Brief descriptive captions
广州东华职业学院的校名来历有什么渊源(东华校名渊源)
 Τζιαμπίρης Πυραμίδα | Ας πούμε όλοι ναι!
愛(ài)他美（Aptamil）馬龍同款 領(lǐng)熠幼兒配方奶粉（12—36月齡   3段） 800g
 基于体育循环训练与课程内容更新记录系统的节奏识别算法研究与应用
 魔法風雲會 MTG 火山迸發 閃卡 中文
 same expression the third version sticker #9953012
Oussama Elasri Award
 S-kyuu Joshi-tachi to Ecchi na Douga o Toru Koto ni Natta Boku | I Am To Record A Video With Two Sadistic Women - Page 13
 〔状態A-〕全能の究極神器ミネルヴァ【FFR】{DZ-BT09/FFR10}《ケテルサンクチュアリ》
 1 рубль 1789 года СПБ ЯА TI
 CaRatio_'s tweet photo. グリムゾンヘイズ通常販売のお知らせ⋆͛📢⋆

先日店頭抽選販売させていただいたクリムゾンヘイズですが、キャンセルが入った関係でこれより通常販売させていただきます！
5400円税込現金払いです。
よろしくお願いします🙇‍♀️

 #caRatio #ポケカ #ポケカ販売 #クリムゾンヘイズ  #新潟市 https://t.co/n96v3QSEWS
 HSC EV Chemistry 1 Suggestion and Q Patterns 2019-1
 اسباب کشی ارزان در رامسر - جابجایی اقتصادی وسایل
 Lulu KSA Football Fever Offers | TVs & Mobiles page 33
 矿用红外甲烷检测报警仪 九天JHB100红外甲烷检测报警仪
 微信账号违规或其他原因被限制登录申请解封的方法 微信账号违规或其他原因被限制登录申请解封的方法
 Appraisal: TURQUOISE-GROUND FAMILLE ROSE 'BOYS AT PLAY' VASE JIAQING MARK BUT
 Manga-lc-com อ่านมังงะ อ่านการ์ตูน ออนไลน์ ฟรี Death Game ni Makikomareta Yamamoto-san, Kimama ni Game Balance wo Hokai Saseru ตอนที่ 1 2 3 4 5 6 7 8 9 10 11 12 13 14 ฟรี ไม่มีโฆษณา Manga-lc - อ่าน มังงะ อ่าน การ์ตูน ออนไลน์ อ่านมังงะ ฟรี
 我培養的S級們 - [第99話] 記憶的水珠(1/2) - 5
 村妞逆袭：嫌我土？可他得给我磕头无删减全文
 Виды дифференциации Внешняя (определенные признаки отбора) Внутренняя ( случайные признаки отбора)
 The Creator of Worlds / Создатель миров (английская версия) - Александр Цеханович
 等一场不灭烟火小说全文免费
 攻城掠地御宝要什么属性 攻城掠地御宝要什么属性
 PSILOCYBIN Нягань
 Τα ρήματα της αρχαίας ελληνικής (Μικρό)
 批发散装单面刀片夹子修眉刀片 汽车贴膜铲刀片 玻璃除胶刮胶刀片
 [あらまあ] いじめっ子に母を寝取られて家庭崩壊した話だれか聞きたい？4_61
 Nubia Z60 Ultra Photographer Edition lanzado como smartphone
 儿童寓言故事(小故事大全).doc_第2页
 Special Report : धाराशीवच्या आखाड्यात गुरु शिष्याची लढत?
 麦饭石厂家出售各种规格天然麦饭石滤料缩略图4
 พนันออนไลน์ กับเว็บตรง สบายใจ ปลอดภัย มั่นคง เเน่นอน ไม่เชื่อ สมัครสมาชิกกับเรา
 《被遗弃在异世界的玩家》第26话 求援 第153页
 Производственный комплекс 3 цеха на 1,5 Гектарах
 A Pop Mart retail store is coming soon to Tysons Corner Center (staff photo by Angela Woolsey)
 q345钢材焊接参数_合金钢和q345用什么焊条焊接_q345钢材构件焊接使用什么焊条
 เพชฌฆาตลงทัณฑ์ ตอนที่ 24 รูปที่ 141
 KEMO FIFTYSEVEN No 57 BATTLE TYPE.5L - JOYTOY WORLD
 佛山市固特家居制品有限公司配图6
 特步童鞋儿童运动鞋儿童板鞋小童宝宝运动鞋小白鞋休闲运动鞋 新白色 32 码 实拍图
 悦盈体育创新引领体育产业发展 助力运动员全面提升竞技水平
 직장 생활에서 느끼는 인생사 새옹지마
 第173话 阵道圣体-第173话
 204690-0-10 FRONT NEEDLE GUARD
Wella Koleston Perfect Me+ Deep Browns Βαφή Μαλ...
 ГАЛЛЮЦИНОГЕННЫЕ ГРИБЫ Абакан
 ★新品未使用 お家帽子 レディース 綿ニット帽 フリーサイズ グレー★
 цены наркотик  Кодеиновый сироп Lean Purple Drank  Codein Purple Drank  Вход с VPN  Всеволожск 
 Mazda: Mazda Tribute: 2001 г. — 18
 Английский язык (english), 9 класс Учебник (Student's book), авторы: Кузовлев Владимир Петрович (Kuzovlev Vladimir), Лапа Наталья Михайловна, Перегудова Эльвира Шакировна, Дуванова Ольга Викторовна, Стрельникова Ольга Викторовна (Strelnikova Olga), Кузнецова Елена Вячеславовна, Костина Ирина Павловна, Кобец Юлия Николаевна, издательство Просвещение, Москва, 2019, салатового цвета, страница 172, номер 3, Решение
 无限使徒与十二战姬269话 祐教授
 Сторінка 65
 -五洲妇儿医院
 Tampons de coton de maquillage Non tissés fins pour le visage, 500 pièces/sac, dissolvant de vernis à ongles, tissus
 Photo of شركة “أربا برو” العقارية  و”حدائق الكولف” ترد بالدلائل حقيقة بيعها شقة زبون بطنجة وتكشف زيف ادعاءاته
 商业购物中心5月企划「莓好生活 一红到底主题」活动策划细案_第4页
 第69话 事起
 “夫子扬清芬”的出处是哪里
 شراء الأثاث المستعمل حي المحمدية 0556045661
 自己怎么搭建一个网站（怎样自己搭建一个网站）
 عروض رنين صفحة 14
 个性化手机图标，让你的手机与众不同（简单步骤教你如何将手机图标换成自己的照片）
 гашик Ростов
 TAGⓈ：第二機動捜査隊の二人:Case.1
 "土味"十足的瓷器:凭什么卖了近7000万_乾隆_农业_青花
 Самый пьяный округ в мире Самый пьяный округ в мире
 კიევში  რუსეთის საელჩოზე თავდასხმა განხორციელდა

• **WORK INSTRUCTION**
Here the job is to transcribe the lines from the first line of the data through the line containing "微信账号违规或其他原因被限制登录申请解封的方法 微信账号", inclusive, exactly and with nothing else.

• **RESULT OF THIS TASK**
广州东华职业学院的校名来历有什么渊源(东华校名渊源)
 Τζιαμπίρης Πυραμίδα | Ας πούμε όλοι ναι!
愛(ài)他美（Aptamil）馬龍同款 領(lǐng)熠幼兒配方奶粉（12—36月齡   3段） 800g
 基于体育循环训练与课程内容更新记录系统的节奏识别算法研究与应用
 魔法風雲會 MTG 火山迸發 閃卡 中文
 same expression the third version sticker #9953012
Oussama Elasri Award
 S-kyuu Joshi-tachi to Ecchi na Douga o Toru Koto ni Natta Boku | I Am To Record A Video With Two Sadistic Women - Page 13
 〔状態A-〕全能の究極神器ミネルヴァ【FFR】{DZ-BT09/FFR10}《ケテルサンクチュアリ》
 1 рубль 1789 года СПБ ЯА TI
 CaRatio_'s tweet photo. グリムゾンヘイズ通常販売のお知らせ⋆͛📢⋆

先日店頭抽選販売させていただいたクリムゾンヘイズですが、キャンセルが入った関係でこれより通常販売させていただきます！
5400円税込現金払いです。
よろしくお願いします🙇‍♀️

 #caRatio #ポケカ #ポケカ販売 #クリムゾンヘイズ  #新潟市 https://t.co/n96v3QSEWS
 HSC EV Chemistry 1 Suggestion and Q Patterns 2019-1
 اسباب کشی ارزان در رامسر - جابجایی اقتصادی وسایل
 Lulu KSA Football Fever Offers | TVs & Mobiles page 33
 矿用红外甲烷检测报警仪 九天JHB100红外甲烷检测报警仪
 微信账号违规或其他原因被限制登录申请解封的方法 微信账号违规或其他原因被限制登录申请解封的方法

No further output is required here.